According to the National Highway Traffic Safety Administration, seat belts are the single most effective traffic safety device for preventing death and injury. In 2008, the use of seat belts in passenger vehicles saved an estimated 13,250 lives. Seat belts have saved over 75,000 lives during the 5-year period from 2004 to 2008 (NHTSA). All of these statistics raise the question, why would anyone resist this safety feature since seat belts are so important?
Perhaps the answer lies in the fact that people don’t like to be told what to do, even if it is best for them, and even if it means saving their lives. This dangerous mindset has filtered into the church as well. People don’t want to be told what to do spiritually by anyone, even by God Himself in Scripture. Whether we agree or not, whether we understand it or not, God has our best interests at heart.

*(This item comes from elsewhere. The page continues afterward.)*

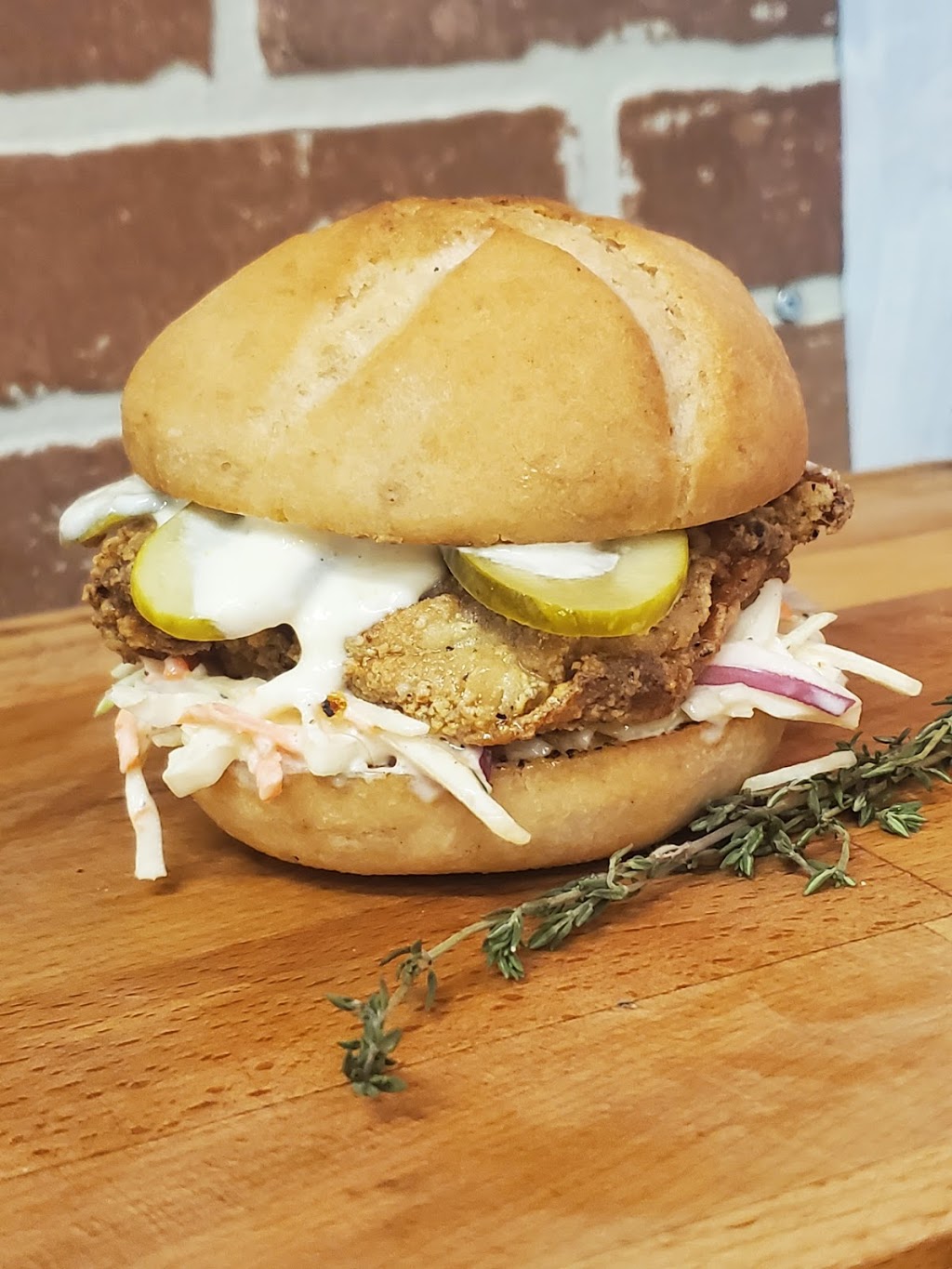 Bad Lucys Juicy Fried Chicken | 320 Bayfield St Unit 49, Barrie, ON L4M 3C1, Canada | Phone: (705) 735-2000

In the Old Testament, the people probably didn’t understand why God prohibited them from drinking blood (Leviticus 17:10-13), but today we understand that disease is carried in the blood. The Israelites probably didn’t understand why God commanded against the eating of animals like pig (Deuteronomy 14:3-8), but today we recognize that these animals are hard to cook adequately to kill off the dangerous bacteria. There were likely many other commands God’s people did not understand or agree with (i.e. idolatry), but it was vital that they obeyed anyway. Today there may be some commands we are opposed to, but God is righteous and God is just. Every one of God’s commands was given for some really good reasons, even if we don’t know what they are.
No matter our attitude and disposition, a day is coming when everyone will be judged by the words and commands God has given us (John 12:48). When we follow these commands, we put on our spiritual seat belts. We cannot be in God’s vehicle, the church, unless we are properly buckled up (Acts 2:38; 1 Peter 3:21), and we cannot move forward with the vehicle unless we stay buckled (2 Peter 3:17; Hebrews 12:15; Revelation 2:10).
We need to have our spiritual seat belts securely fastened. So, with our souls on the line, will we, “Click it or Risk it?”